▶ _Supplied material_
..............................

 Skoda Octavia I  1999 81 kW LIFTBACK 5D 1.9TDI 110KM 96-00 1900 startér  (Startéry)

..............................

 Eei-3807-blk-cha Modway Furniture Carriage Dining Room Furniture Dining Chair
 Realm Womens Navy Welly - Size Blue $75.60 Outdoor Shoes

..............................

▶ _Description of the task_
Considering only the material above, set down every line from the one with "Eei-3807-blk-cha Modway Furniture" to the one with "Realm Womens Navy", inclusive, exactly as written.

▶ _Written answer_
 Eei-3807-blk-cha Modway Furniture Carriage Dining Room Furniture Dining Chair
 Realm Womens Navy Welly - Size Blue $75.60 Outdoor Shoes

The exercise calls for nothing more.